South Sudan urges Sudan, neighbours not to let opponent launch rebellion

JUBA (HAN) September 27016. Public Diplomacy & Regional Security News. By Denis Dumo. South Sudan’s government urged Sudan and regional states on Tuesday not to let opposition leader Riek Machar launch a new rebellion, after he threatened a return to the battlefield unless demands needed to revive a peace deal were met.

Machar is in the Sudanese capital Khartoum, having fled South Sudan after fighting flared between his supporters and those of his rival President Salva Kiir in July. The two had signed a shaky peace deal in 2015 after two years of conflict.

After talks in Khartoum involving senior commanders and officials in the SPLM-In-Opposition (SPLM-IO) last week, Machar and his allies in a statement ordered their forces to reorganise for “armed resistance” to Kiir’s government.

“If the peace agreement can be revived then we can go back to Juba, but if not then armed resistance is an option,” Machar’s spokesman James Gatdet Dak told Reuters in Nairobi, adding the government must reappoint Machar, let more troops return to Juba with Machar, allow the swift deployment of a regional protection force and scrap decisions taken since July.

The growing tensions threaten to plunge South Sudan, which won independence from Sudan in 2011, back into full-blown conflict.

The regional grouping IGAD, which includes Sudan, has told both sides to halt the violence and aims to send a protection force to secure the peace, a move that has U.N. backing.

“We are appealing to all IGAD member state not to allow Riek Machar and his group to use their soil, including Sudan, to stage attacks and as a springboard for organising violence against the people and transitional government,” deputy government spokesman Akol Paul Kordi told Reuters.

Pointing to splits in the opposition, Kordi said the SPLM-IO faction in Juba had sacked Machar and the former vice president had no right to make demands on the Juba government from Sudan as “he is in Khartoum as a private citizen.”
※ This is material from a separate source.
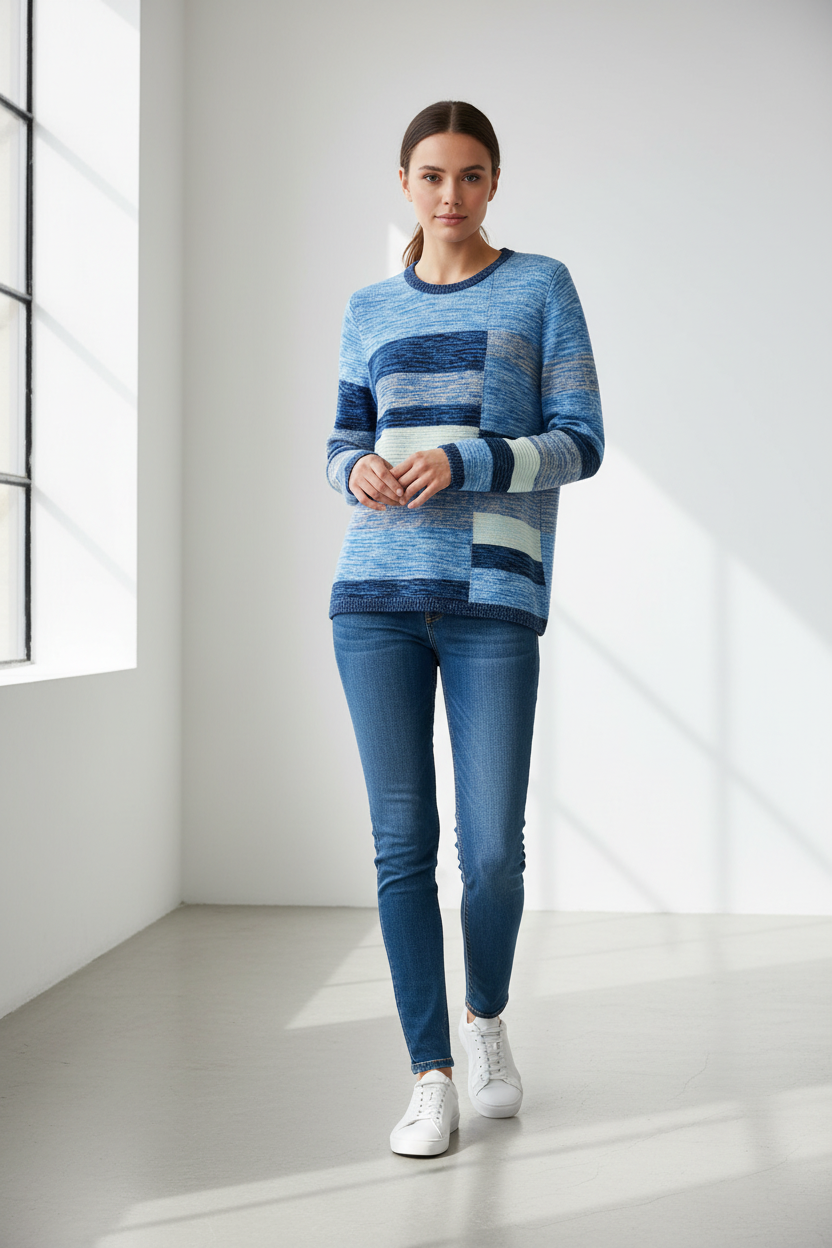 Micha Cotton Blend Round Neck colour block jumper on model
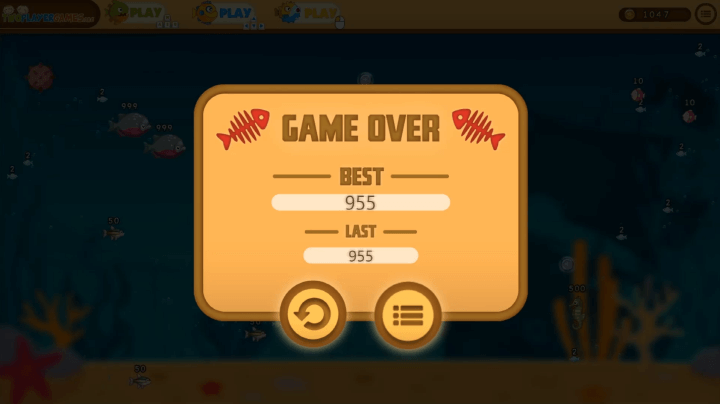 3인용-물고기-키우기-모바일게임-종료-화면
Sudanese Foreign Minister Ibrahim Ghandour said his government would not allow the armed opposition to attack South Sudan from its territory, according to a report by the Paris-based Sudan Tribune news website.

Machar’s statement had said the transitional government and peace deal had “collapsed”, condemned the appointment of Taban Deng Gai as First Vice President to replace Machar and demanded the rapid deployment of the U.N.-backed protection force.

The statement called for the reorganisation of the SPLM-IO “so that it can wage a popular armed resistance” against Kiir.